If you don't know the story, Oldman and her lover Richard Sharp set off from Southeast Asia bound for the coast of California in the early 80s, sailing right into the heart of Hurricane Raymond after diverting to Hawai'i to try and avoid it.

We meet young twentysomething Tami (Shaelene Woodley) in Tahiti, travelling the world to escape her provincial upbringing in suburban San Diego, possibly running away from something we're never really sure of.

Of course, we actually meet her for the first time in a very different light. The story opens with her waking up, soaking wet, a deep gash in her head, the detritus of the yacht she's in strewn around her and with water up to waist level in the wreckage. Bedraggled, hurt, confused and terrified, Tami realises she's shipwrecked alone, miles from nowhere.

We cut to her life a few weeks earlier, a quiet, self-contained young woman doing odd jobs throughout the tourist shipyards of Southeast Asia and seeming like she's finding herself in her travels. Then we cut back to her trying to calm down in the wreck of the yacht, attaching the pump to get rid of the water, trying the radio, scanning the horizon and trying not to panic.

Then it's back to her life as a soulful traveller, meeting a young man when he puts his yacht into the harbour where she works. Her and Richard (Sam Claflin) catch each others' eye immediately and she's swept off her feet in a series of beautiful locales, restaurants, markets and hotel rooms as they fall in love.

The story crisscrosses back and forth between Richard and Tami's courtship and her desperation to try and raise help from the high seas. Not long after she awakens she spies Richard clinging to a lifeboat halfway to the horizon, apparently alive.

Scared but resourceful, Tami knows enough about sailing and oceancraft to tie herself on and swim out to retrieve him, somehow getting him back on board despite his torn open leg and blackened ribs. Their food and water are desperately low but with Richard's help and encouragement she does her best to figure out where they are and how they're going to reach land before they sink or starve. She even dives below with a spear gun and hunt for fish before they run out of food at his insistence despite being a strict vegetarian, a task she takes to with frustration but eventual dedication.

Back on land, with her life an idyll, a shadow is cast when a couple of local friends of Richard's give him an offer too good to refuse – sail their ship back to San Diego (the very town Tami has fled from), and they'll pay enough to set the pair up for world travels together for years to come.

For Tami it's bittersweet. She hasn't got the roving out of her system and the last thing she wants is to go back home too early. But after some soul searching she agrees to go with him, and it's the trip that will deliver them to their ultimate fate with a monstrous ocean storm.

The deft storytelling structure goes a long way, and the visuals effortlessly do the rest.
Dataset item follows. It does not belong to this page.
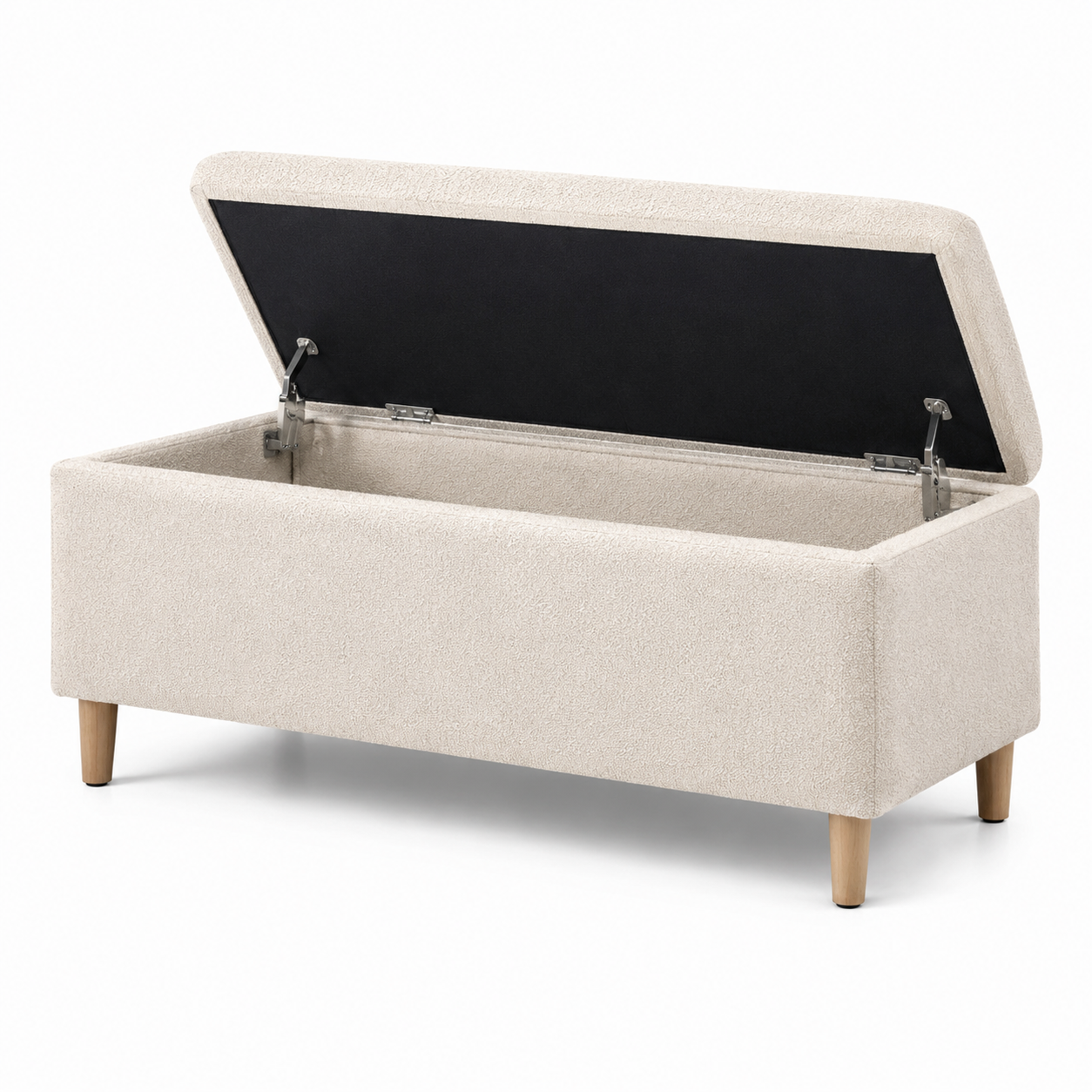 Gepolsterte Stauraumbank mit Bouclé-Bezug, Creme, 110 × 40 × 50 cm, aufklappbarer Deckel und Holzbeine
Director Baltasar Kormákur has proven how talented he is with expansive scope, disaster-scale action and VFX with Everest, and with his DP Robert Richardson there's a beautiful juxtaposition between the intimate love story at the centre and the endless ocean around.

From extreme long shots of the half-destroyed yacht and the sea stretching in every direction to the heart-pounding sequence in the storm when Richard and Tami confront a wave as tall as a skyscraper, it would have been something to behold on the big screen. A hallucination Tami has of a giant container coalescing out of the fog at night and disappearing into the gloom just as quickly is particularly haunting and beautiful.

Special mention also has to go to the make-up and costuming, which the performances very much sell – Woodley in particular. For most of the movie Claflin just has to lie there weakly, making the story very much Tami's. And Woodley, with her peeling lips, fatigued slump and a series of cobbled together outfits to protect her against the elements, is wonderful in the role. She's certainly a pretty girl but there's an old soul quality about her that makes her paradoxically reserved but telegraphs Tami's anguish brilliantly.